Лучший способ побороть искушение — поддаться ему.
Здесь и сейчас это кажется мне лучшей идеей.
Мне больше не нужен воздух и больше не нужны слова. Когда-нибудь я дам имена и названия всему, что происходит, но не сейчас.
Настойчивые руки обнимают меня, сплетаются с моими, прижимают крепче к горячей под тонкой тканью груди. Я зарываюсь пальцами в жесткие волосы, глажу шею, плечи, провожу ладонями по спине. Кончики пальцев касаются моего лица — ударами тока. Электричеством выжигают путь ниже, к шее, к ключицам, к груди…
Замирают.
Цепочка на шее натягивается, губы отрываются от моих губ.
Я мысленно охаю. Кулон! В виде цветка с лиловыми лепестками. Ч-ч-черт…
— Ты его носишь, обманщица, — чуть задыхаясь, очень тихо говорит Роман. — А говорила, что не понравился.

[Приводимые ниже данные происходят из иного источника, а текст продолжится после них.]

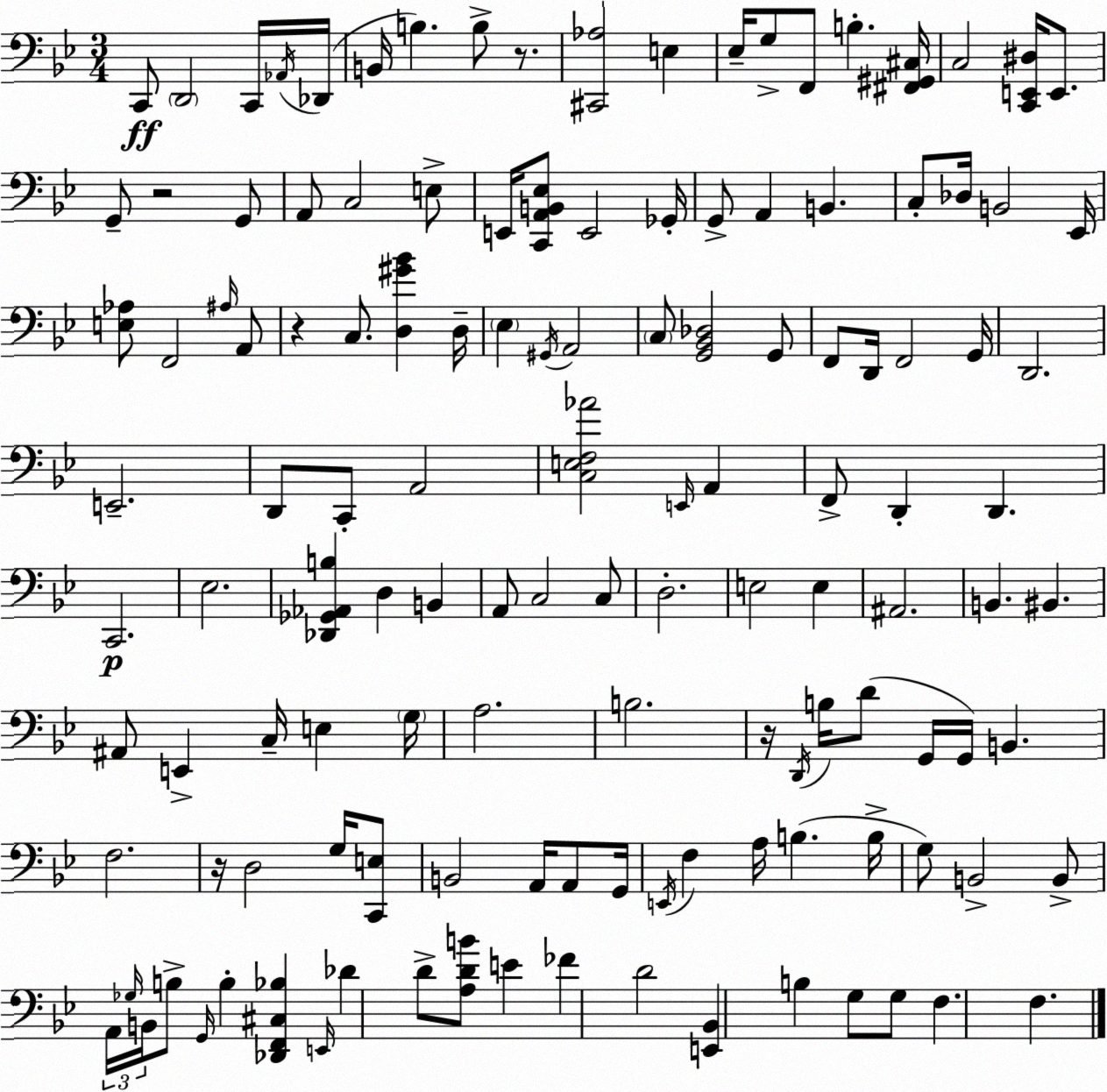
X:1
T:Untitled
M:3/4
L:1/4
K:Gm
C,,/2 D,,2 C,,/4 _A,,/4 _D,,/4 B,,/4 B, B,/2 z/2 [^C,,_A,]2 E, _E,/4 G,/2 F,,/2 B, [^F,,^G,,^C,]/4 C,2 [C,,E,,^D,]/4 E,,/2 G,,/2 z2 G,,/2 A,,/2 C,2 E,/2 E,,/4 [C,,A,,B,,_E,]/2 E,,2 _G,,/4 G,,/2 A,, B,, C,/2 _D,/4 B,,2 _E,,/4 [E,_A,]/2 F,,2 ^A,/4 A,,/2 z C,/2 [D,^G_B] D,/4 _E, ^G,,/4 A,,2 C,/2 [G,,_B,,_D,]2 G,,/2 F,,/2 D,,/4 F,,2 G,,/4 D,,2 E,,2 D,,/2 C,,/2 A,,2 [C,E,F,_A]2 E,,/4 A,, F,,/2 D,, D,, C,,2 _E,2 [_D,,_G,,_A,,B,] D, B,, A,,/2 C,2 C,/2 D,2 E,2 E, ^A,,2 B,, ^B,, ^A,,/2 E,, C,/4 E, G,/4 A,2 B,2 z/4 D,,/4 B,/4 D/2 G,,/4 G,,/4 B,, F,2 z/4 D,2 G,/4 [C,,E,]/2 B,,2 A,,/4 A,,/2 G,,/4 E,,/4 F, A,/4 B, B,/4 G,/2 B,,2 B,,/2 A,,/4 _G,/4 B,,/4 B,/2 G,,/4 B, [_D,,F,,^C,_B,] E,,/4 _D D/2 [A,DB]/2 E _F D2 [E,,_B,,] B, G,/2 G,/2 F, F,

— Да, ноутбук я на шее носить не стала бы… — машинально огрызаюсь. Для таких отмазок мне не нужен мозг, у меня они подвешены на горячих клавишах, как заклинания в игре. Вдох-выдох, включаем разум — и бегом из ада обратно, пока не успела забраться слишком далеко!
— Тиш-ш-ш-ше… — бормочет он мне в шею, продолжая обнимать. — Разве тебе хочется убегать, а? Посмотри на меня.
В бриллиантовой темноте ночи зеленый колдовской цвет не виден, вместо глаз — темные омуты. Я все еще держусь за его плечи и отпускать нет никакого желания. Он смотрит мне в лицо и смеется, опуская кулон обратно в ложбинку груди. А вот пальцы остаются там.
Взгляд — шальной, ищущий — застывающий на моих губах. Осторожный поцелуй. Короткий, нежный.
— Если бы у нас был настоящий роман, ты бы сейчас признался мне в любви, — говорю, когда становится совсем не по себе от его долгого взгляда в глаза.
На мгновение он перестает дышать, а потом вдыхает резко и судорожно.
— Правда?
— Но так как у нас реальная жизнь, — улыбаюсь. — Я точно скажу, что ты меня не любишь.
— Я тебя не люблю, — ровным голосом.
— Вот видишь.
— А здорово было бы, если бы у нас был роман…
/4
Он коснулся губами моей шеи, и я вздрогнула от короткого горячего укола языка.
— Нет, не здорово, — попыталась возразить я. — Говорила же тебе…
— Ну, такой, короткий роман, — перебил он. — Немножко страсти и секса, пока не надоест.